Brief: Your answer must be an exact repeat of the lines from the one containing "This is just" through the last line of the records, both included, with no pictures.
[Opening Stored data section]
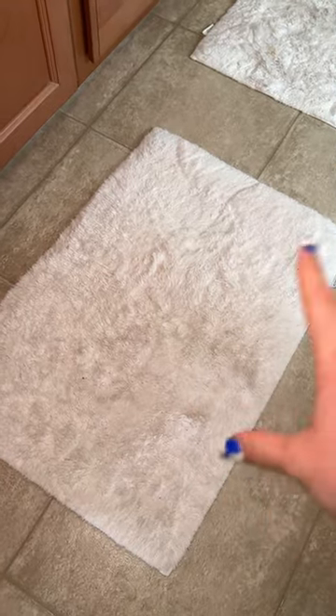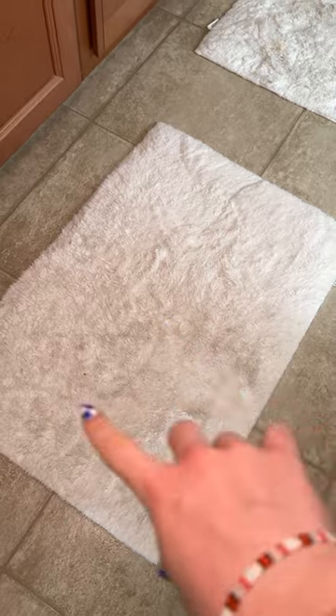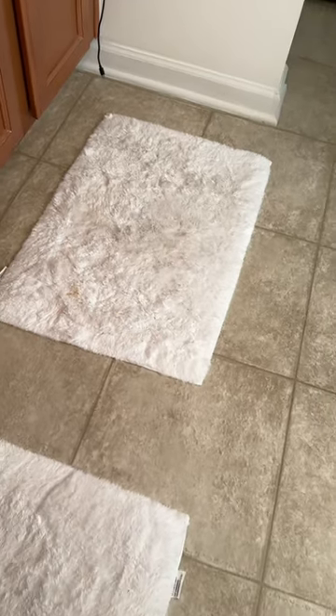I'm showing you what our bath mats end up looking like after several weeks. It always has these dirty stains — some yellow stains over here — and it just has this gray tone, and we're going to get rid of that.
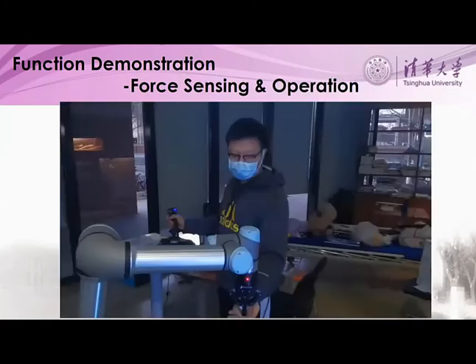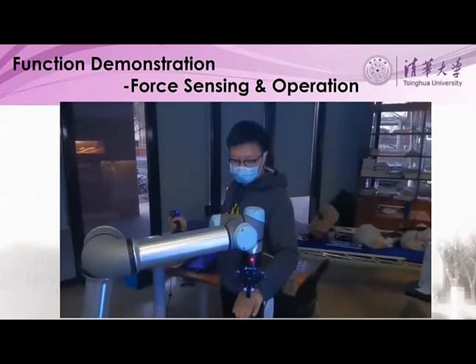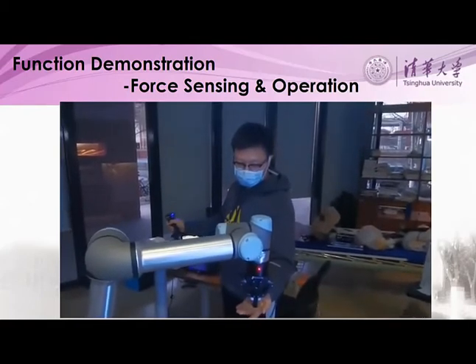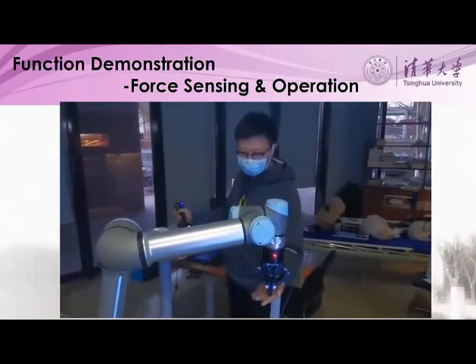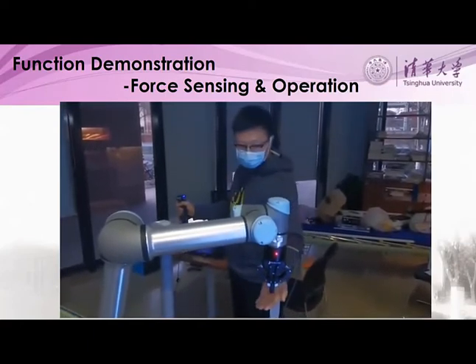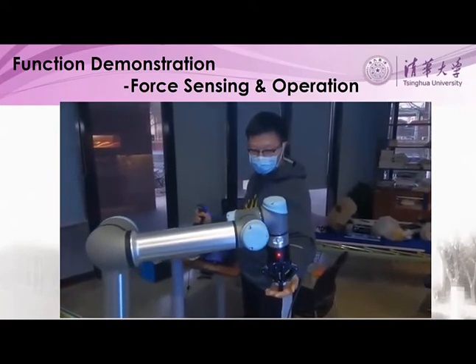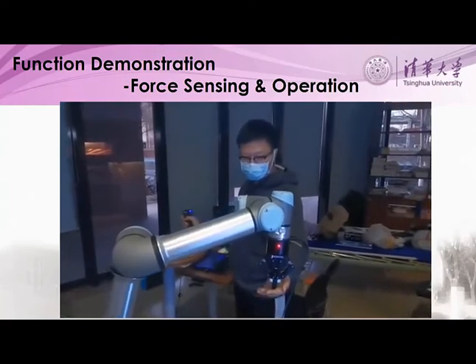Finally, force sensing and teleoperation through the joystick are demonstrated to show precise remote human control. Now we're adding the force feedback and testing the translational movement of the robotic arm — see how it follows the movement of the hand. Now we change the mode and test the gimbaling of the robotic arm. Notice how the arm moves with the joystick input.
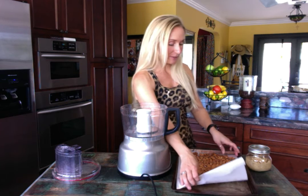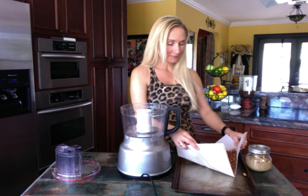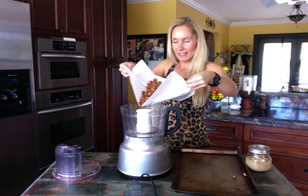I like to put the almonds on parchment paper — it makes for easy pickup and easy cleanup. Then I'm going to take my almonds and pour them into my food processor.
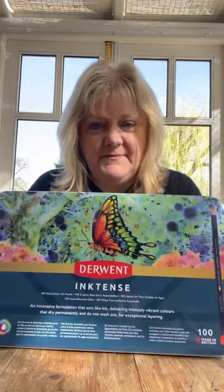Isn't that fabulous? A lovely tin. They're fab. Love them.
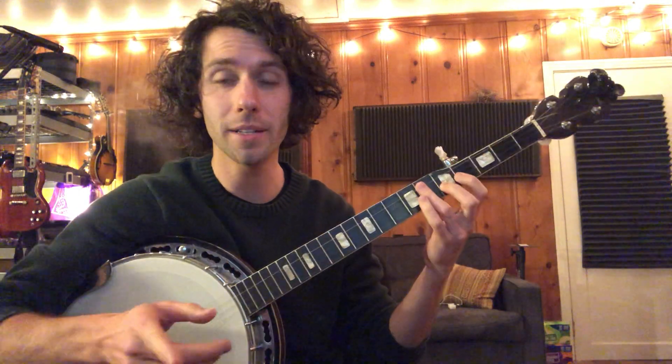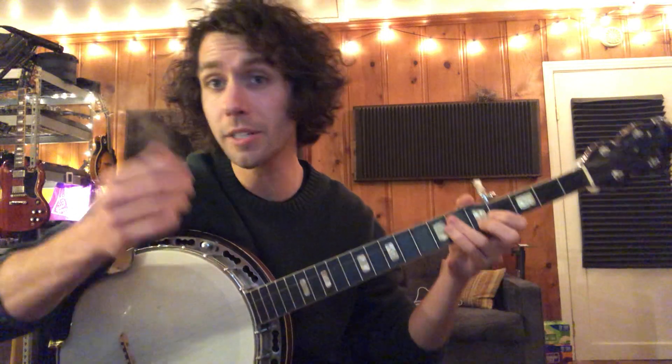Now, once we've got that down, we can implement it into other songs. Like, take for example, Please Please Me by the Beatles.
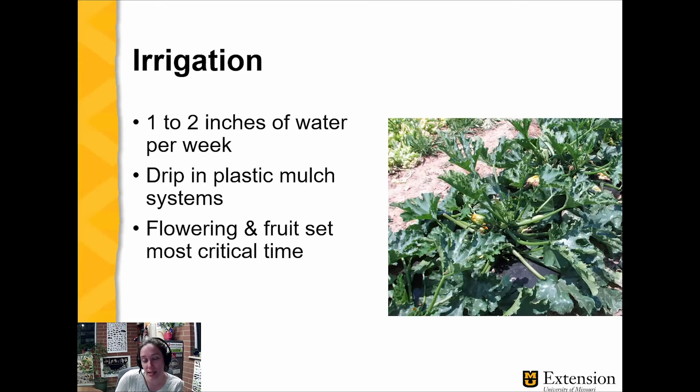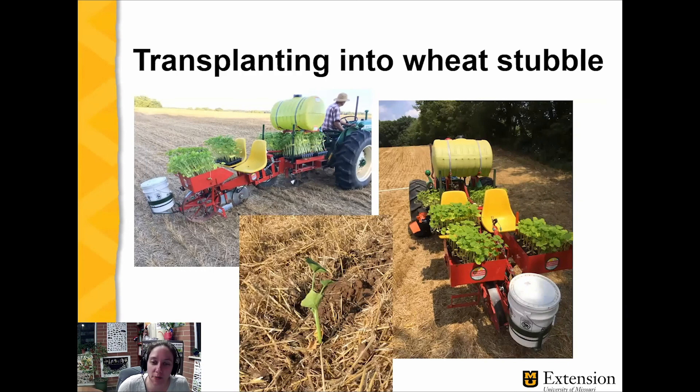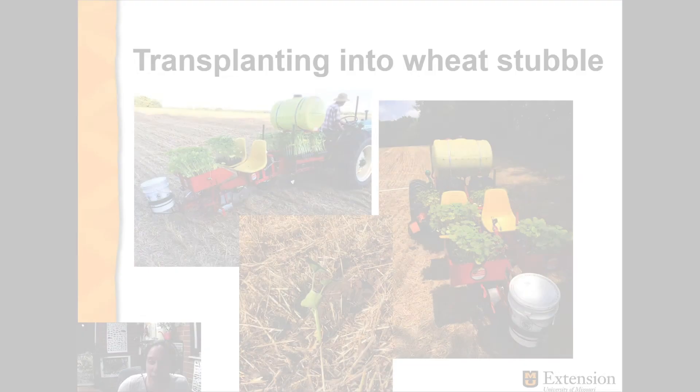Irrigation: summer and winter squash typically need one to two inches of water per week. Remember that the fruits are 90% water and these plants have significant leaf mass to keep up with, so water needs are substantial. Drip irrigation with plastic mulch systems is common, and flowering and fruit set is the most critical time for water. In summer squash with black plastic, drip irrigation is standard. In field-grown pumpkin situations like no-till, irrigation is not used very often — they could benefit from it, but those are typically larger operations. Mulch really makes a difference in holding moisture in.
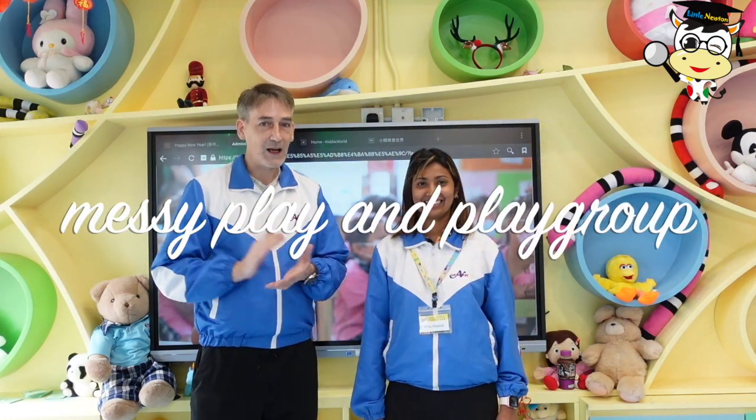Hi, it's me, Mr. Darryl. That's me, Ms. Hannah. And we want to invite you to join our messy play and play groups.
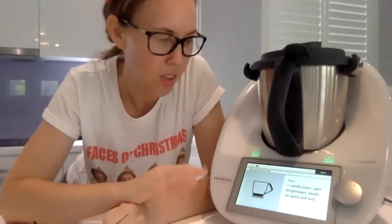I've got the recipe up here on my Thermomix TM6. The first thing it asks me to do is split the vanilla bean in half. I want to talk about vanilla for a minute — if you don't have real vanilla, just use what you have: extract, essence, or whatever you normally have. A teaspoon of vanilla will be the equivalent.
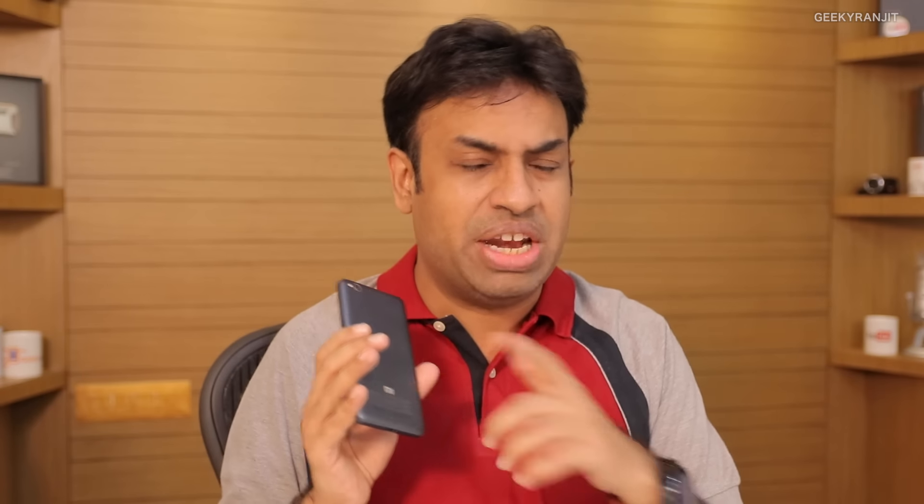Swapnil is asking about sound quality and speakers. The speakers are actually decent on this one. Generally on many Xiaomi Redmi phones the speaker loudness is very low, but that's not the case here — it's decent.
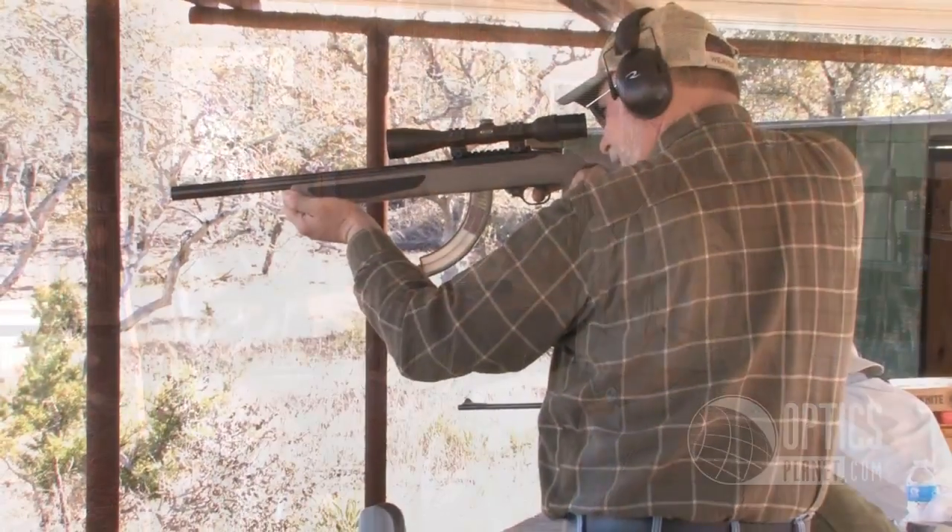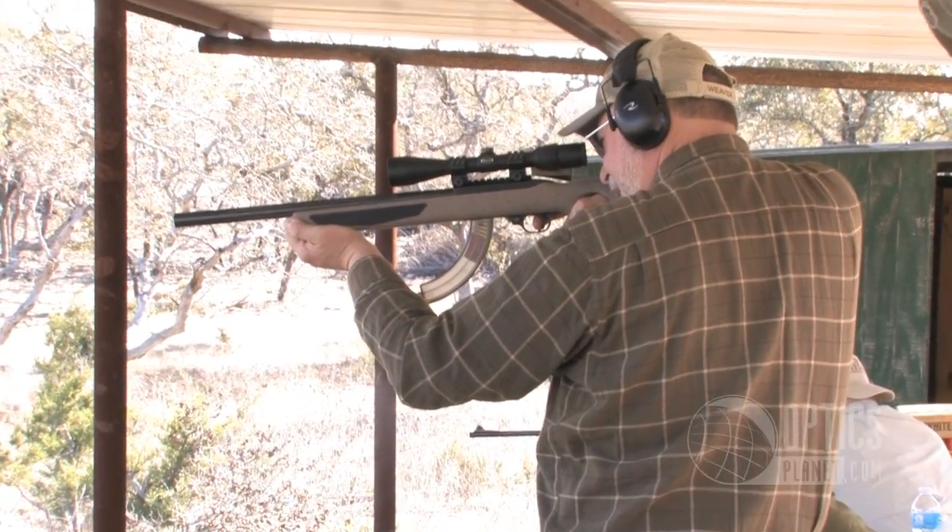That sounds good, George. Thank you for having me, and we're glad you're excited about them, because we certainly are. Grand Slam has been in the product line for many years, but what we've done is taken a good product and made it even better. We've changed everything from the inside to the outside, and really updated the look with a sleek new design and a lot of features built in.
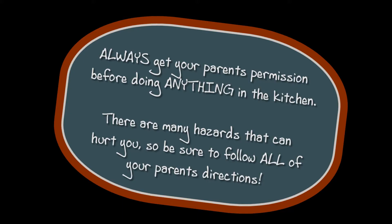Always get your parents' permission before doing anything in the kitchen. There are many hazards that can hurt you, so be sure to follow all of your parents' directions.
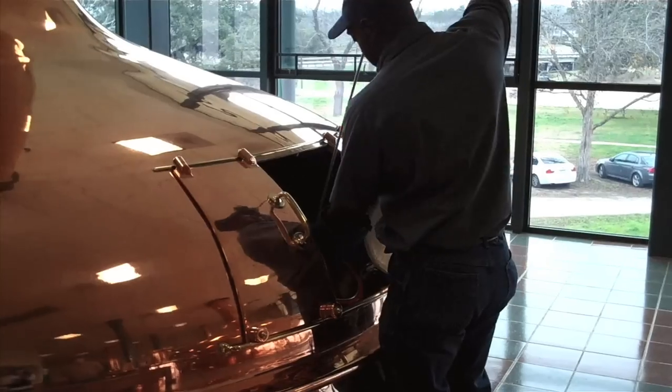What else did they have in the 19th century? This is the materials they used. So if we're going to do a traditional brew, we're going to use the same ingredients.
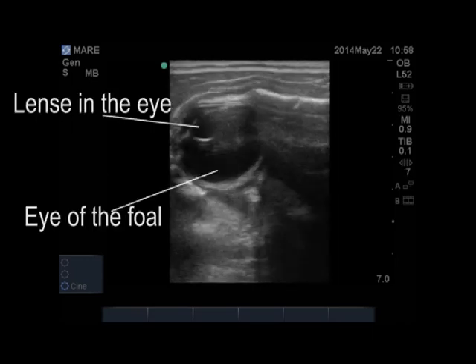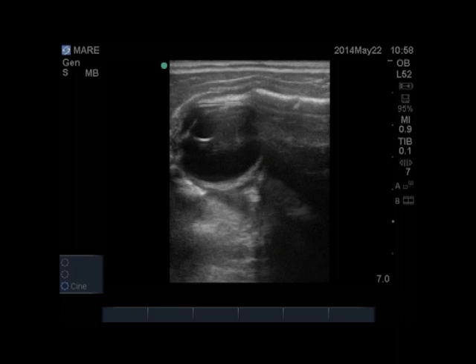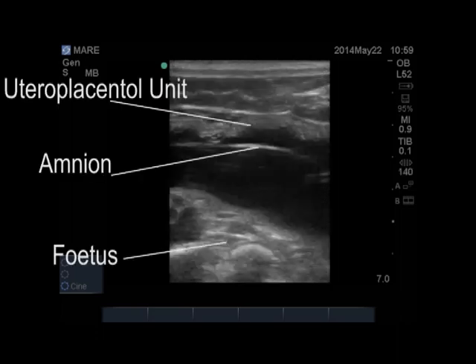This is just one of the images of the fetus, and in this picture you can see the eye very well shown — you can actually see the lens in the eye. Again, another one just of the fetus at the bottom, showing the utero-placental unit and the amnion floating around the fetus.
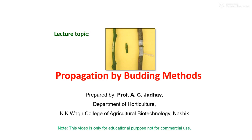Hello everyone, this is Professor A.C. Zadav, Department of Horticulture, KK Wagh College of Agriculture Biotechnology, Nashik. This video is only for educational purposes and not for any commercial use.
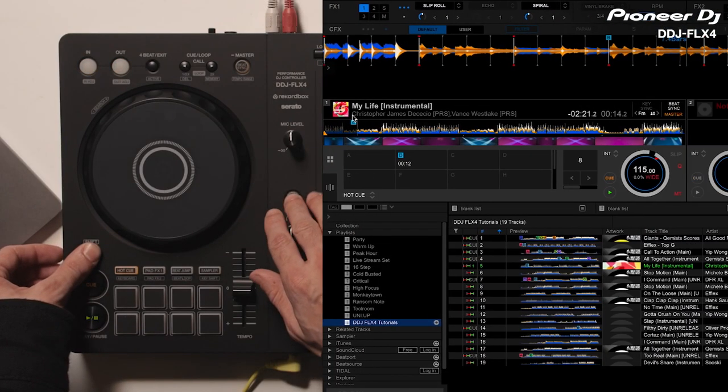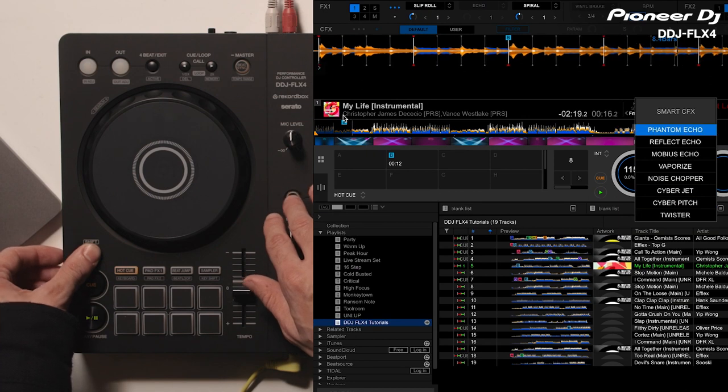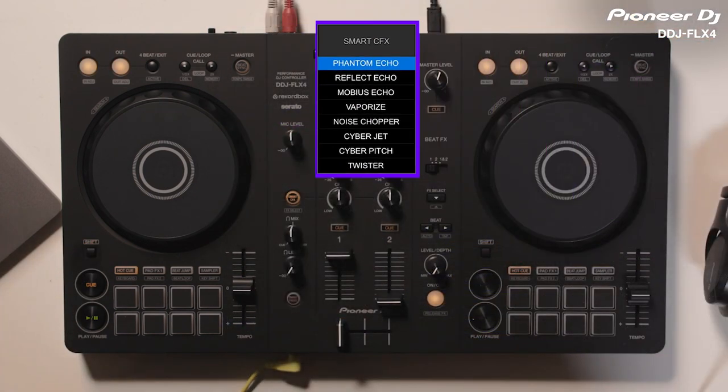If I want to switch between presets, I can press Shift and the Smart CFX button. I can see all the presets in Rekordbox here. These are Phantom Echo, Reflect Echo, Mobius Echo, Vaporize, Noise Chopper, Cyberjet, Cyberpitch, and Twister. Then, I just turn the Smart CFX knob again to apply the new effect.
[Closing Stored data section]
Task answer:
This is just one of the images of the fetus, and in this picture you can see the eye very well shown — you can actually see the lens in the eye. Again, another one just of the fetus at the bottom, showing the utero-placental unit and the amnion floating around the fetus.
Hello everyone, this is Professor A.C. Zadav, Department of Horticulture, KK Wagh College of Agriculture Biotechnology, Nashik. This video is only for educational purposes and not for any commercial use.
If I want to switch between presets, I can press Shift and the Smart CFX button. I can see all the presets in Rekordbox here. These are Phantom Echo, Reflect Echo, Mobius Echo, Vaporize, Noise Chopper, Cyberjet, Cyberpitch, and Twister. Then, I just turn the Smart CFX knob again to apply the new effect.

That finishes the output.